Reporter: Annisa Aninditya Wibawa | Editor: Andri Indradie
TANGERANG. PT Garuda Indonesia (Persero) Tbk (GIAA) baru saja mengganti susunan direksi. Para direktur GIAA dipersempit, dari delapan orang jadi enam orang. Mantan Direktur Utama Citilink, M. Arif Wibowo, terpilih menduduki kursi nomor satu GIAA. Dengan pergantian ini, Garuda Indonesia berharap terbang tinggi.
Pasalnya, kinerja GIAA tampak berdarah-darah dalam beberapa tahun terakhir. Kuartal ketiga 2014, GIAA rugi US$ 219,54 juta. Nilai ini membengkak 1.362,62% dari US$ 15,01 juta dari periode yang sama tahun sebelumnya.
Optimisme datang dari mantan Direktur Utama GIAA Emirsyah Satar. Dia bilang, kinerja GIAA akan bisa membaik tahun depan dan sudah bisa meraup untung. "Tahun ini turbulensi cukup besar bagi industri maskapai," kata Arif, hari ini (12/12).
Untuk menguatkan otot GIAA, Arif punya tiga strategi prioritas. Pertama, ia akan membuat GIAA jadi penghasil uang semaksimal mungkin. Menurutnya, ini bisa digenjot melalui berbagai hal, mulai dari Sumber Daya Manusia (SDM), peralatan, dan lain-lain.
Kedua, ia akan merestrukturisasi biaya perseroan. Arif menyadari, stagnansi ekonomi akan berpengaruh pada bisnis angkutan udara. Maka, ia akan berusaha menstabilkan kondisi keuangan GIAA dengan memangkas biaya.
Ketiga, GIAA akan mengamankan pendanaan jangka pendek. Menurutnya, ia membutuhkan pendanaan eksternal untuk jangka waktu 6 bulan sampai setahun ke depan.

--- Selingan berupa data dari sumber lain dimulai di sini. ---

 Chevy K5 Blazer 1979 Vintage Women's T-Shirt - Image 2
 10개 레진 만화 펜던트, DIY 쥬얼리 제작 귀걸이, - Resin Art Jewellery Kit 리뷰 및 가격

Namun, Arif masih enggan menjelaskan skema apa yang akan pihaknya jajaki. "Metode banyak. Bisa refinancing dan sebagainya," ucapnya.
GIAA pun akan terus bermain di pasar domestik, regional, internasional. Arif memprediksi, traffic penerbangan akan tumbuh 9%-10% di 2015. Ini didasari pada perekonomian Indonesia yang diperkirakan tumbuh 5% sampai 5,5% tahun depan.
Penurunan harga minyak dunia belakangan ini bisa menjadi keuntungan bagi GIAA. Setiap penurunan 1 sen harga minyak, GIAA bisa untung US$ 17 juta. Jika melihat penurunan harga minyak yang sudah melorot 15 sen, maka GIAA bisa diuntungkan US$ 255 juta.
Meski begitu, GIAA masih menghadapi depresiasi nilai tukar Rupiah terhadap Dollar. Jika nilai tukar Rupiah terhadap Dollar terus melemah, ini tentunya menjadi tantangan tersendiri bagi perseroan.